CLR & Garbage Collector (GC) Practical Example

Rapid overview

⚡ GOAL

Parse and process a stream of price tick data efficiently, without allocating, without creating new strings, and with GC-friendly design.

---

🧩 1. The scenario

You receive a TCP stream of bytes like this:

EURUSD,1.07432,1.07436
GBPUSD,1.24587,1.24592

You need to:

  1. Parse each line into fields (symbol, bid, ask)
  2. Convert to typed data (struct Tick)
  3. Reuse buffers instead of new allocations
  4. Avoid string allocations except for the final symbol if needed

---

💻 2. The C# code

using System;
using System.Buffers;
using System.Buffers.Text;
using System.Text;

struct Tick
{
    public string Symbol { get; init; }
    public double Bid { get; init; }
    public double Ask { get; init; }
}

class TickParser
{
    private readonly ArrayPool<byte> _pool = ArrayPool<byte>.Shared;

    public Tick Parse(ReadOnlySpan<byte> line)
    {
        // EURUSD,1.07432,1.07436
        int firstComma = line.IndexOf((byte)',');
        int secondComma = line.Slice(firstComma + 1).IndexOf((byte)',') + firstComma + 1;

        // symbol bytes -> string (only one allocation)
        string symbol = Encoding.ASCII.GetString(line[..firstComma]);

        // Parse Bid
        Utf8Parser.TryParse(line[(firstComma + 1)..secondComma], out double bid, out _);

        // Parse Ask
        Utf8Parser.TryParse(line[(secondComma + 1)..], out double ask, out _);

        return new Tick { Symbol = symbol, Bid = bid, Ask = ask };
    }

    public void ProcessBatch(byte[] data)
    {
        var span = new ReadOnlySpan<byte>(data);
        while (true)
        {
            int newline = span.IndexOf((byte)'\n');
            if (newline == -1) break;
            var line = span[..newline];
            var tick = Parse(line);
            // Do something: e.g., publish to queue
            Console.WriteLine($"{tick.Symbol}: {tick.Bid} / {tick.Ask}");
            span = span[(newline + 1)..];
        }
    }

    public void Run()
    {
        byte[] buffer = _pool.Rent(1024);
        try
        {
            string sample = "EURUSD,1.07432,1.07436\nGBPUSD,1.24587,1.24592\n";
            int bytes = Encoding.ASCII.GetBytes(sample, buffer);
            ProcessBatch(buffer.AsSpan(0, bytes).ToArray());
        }
        finally
        {
            _pool.Return(buffer);
        }
    }
}

class Program
{
    static void Main()
    {
        var parser = new TickParser();
        parser.Run();
    }
}

---

🧠 3. What to highlight in the interview

Memory-efficient design:

  • Uses ReadOnlySpan<byte> to slice input lines → no string splits or temporary arrays.
  • Utf8Parser parses directly from bytes into doubles → no string allocations.
  • ArrayPool<byte> reuses buffers → avoids per-message allocation pressure on Gen0.
  • Only one small string allocation per line (Symbol), which could also be interned or replaced by a dictionary of symbols in a real system.

GC impact:

  • Minimal Gen0 churn; no Gen1/Gen2 or LOH allocations.
  • Perfect candidate for low-latency message processing (market data, trade events).
  • If you wrap this in an async TCP stream, you’d use Memory<byte> instead of Span<byte> to cross await boundaries safely.

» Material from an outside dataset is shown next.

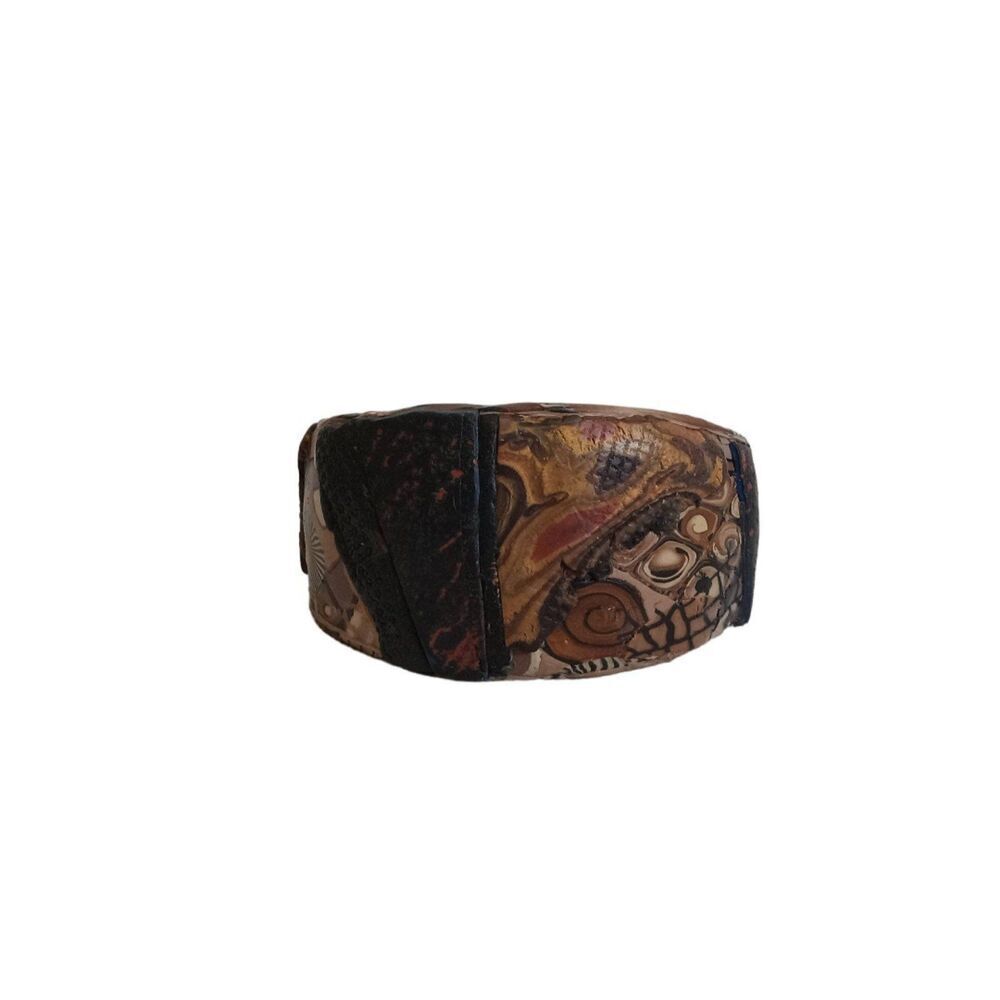 Handmade Shades of Brown and Black Multi Print Polymer Clay Cuff Style Bracelet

Potential improvements to mention:

  • Pool parsed Tick objects if needed (e.g., ObjectPool<Tick> or reuse structs).
  • Replace symbol string allocation with a symbol lookup table.
  • Integrate with System.IO.Pipelines for streaming input.

---

🔍 4. Practice questions you can expect

→ Because it slices existing memory without allocating.

  • “Why is Span<T> faster than using Split or string.Substring()?”

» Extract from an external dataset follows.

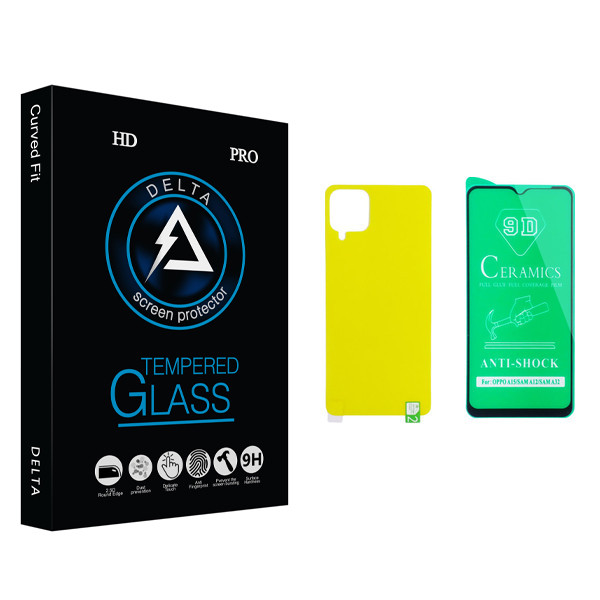 محافظ صفحه نمایش سرامیکی و پشت گوشی دلتا مدل Fit مناسب برای گوشی موبایل سامسونگ Galaxy A12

→ It reuses buffers, drastically reducing GC pressure in high-throughput systems.

  • “Why use ArrayPool<byte> instead of new byte[]?”

→ No, because Span<T> is stack-only. Use Memory<T> instead.

  • “Can you use Span<T> inside an async method?”

→ These short-lived spans die in Gen0, never get promoted — ideal for throughput.

  • “What generation would this data typically live in?”

→ It goes on the Large Object Heap (LOH), which isn’t compacted by default and can fragment memory.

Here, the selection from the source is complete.